Decision trees for feature selection

I asked twitter who is using decision trees and what for. Most were using them, unsurprisingly, to make decisions. It wasn't always clear how the trees themselves were built.

If you are armed with data, so that each row has some features and a category - either yes/no, or one of many classes - you can build a classifier from the data. There are various ways to decided how to split up the data. Nonetheless, each algorithm follows the same overall process. Start with a tree root node, with all the data, and add nodes with part of the data.

Then

  1. Pick a feature
  2. Split the data set, some to the left branch, some to the other branch (or branches) depending on the value of the feature
  3. If all the data at a node is in the same category (or almost all in the same category) form a leaf node
  4. Continue until each node is a leaf node.



This is a bit like a sorting algorithm: in quick sort, you choose a pivot value and split the data down one branch or the other, until you have single points at nodes. Here we don't choose a pivot value but features. The way to pick a feature can be based on statistics, information theory or even at random. At each step, you want to know if all the items in one category tend to have the same value or range of values of a feature. Once you are done you have a tree (or flow chart) you can apply to new data. Each way to split has various pros and cons. You can even build several trees. A random forest will build lots of trees and they vote on the class of new, unseen data. You could build your own voting system, using a variety of tree induction techniques. This might avoid some specific problems, like over-fitting from some techniques.

You can use decision tree induction in a variety of places, even if you don't want a full decision tree or ruleset. A rule set is a tree written in as a sequence of if statements. For example,

If currency is USD then data goes missing.
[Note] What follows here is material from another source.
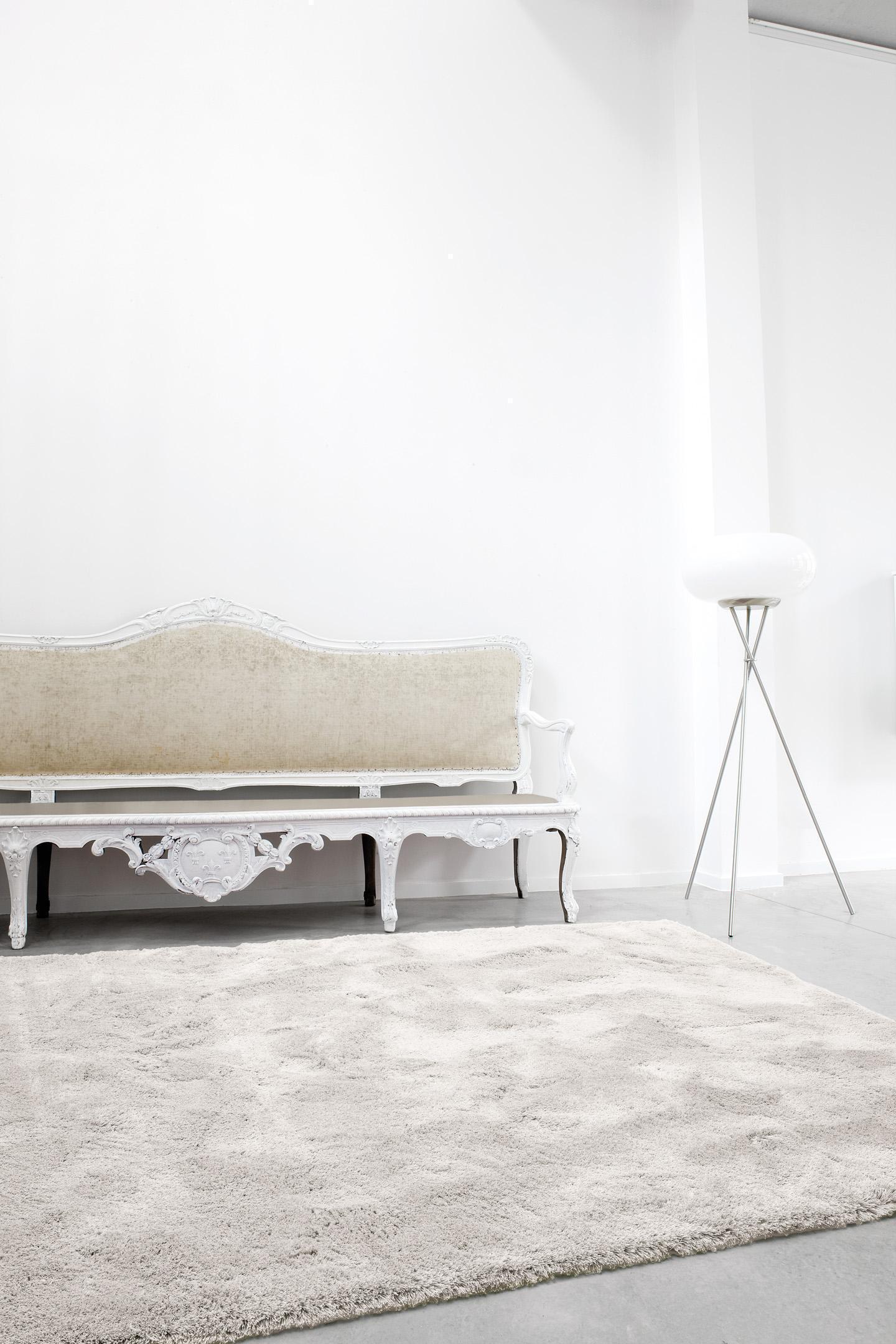 Wohnzimmer Teppich Splendid High Sandshell aus 21% Wolle, 21% Seide, 37% Leinen, 8% Mohair, 7% Baumwolle, 6% Viskose, in der Farbe Sandshell | Homerugs - Raumansicht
If you are moving a data source from one provider to another, and some data goes missing, can you spot what the missing items have in common? You could do a bit of manual investigation, say using pivot tables and data filters in Excel. However, a decision tree might find common features far more quickly than you can. This is a form of feature selection - using an algorithm to find pertinent features. Find a decision tree implementation in a language you know, or write one yourself, and have an experiment.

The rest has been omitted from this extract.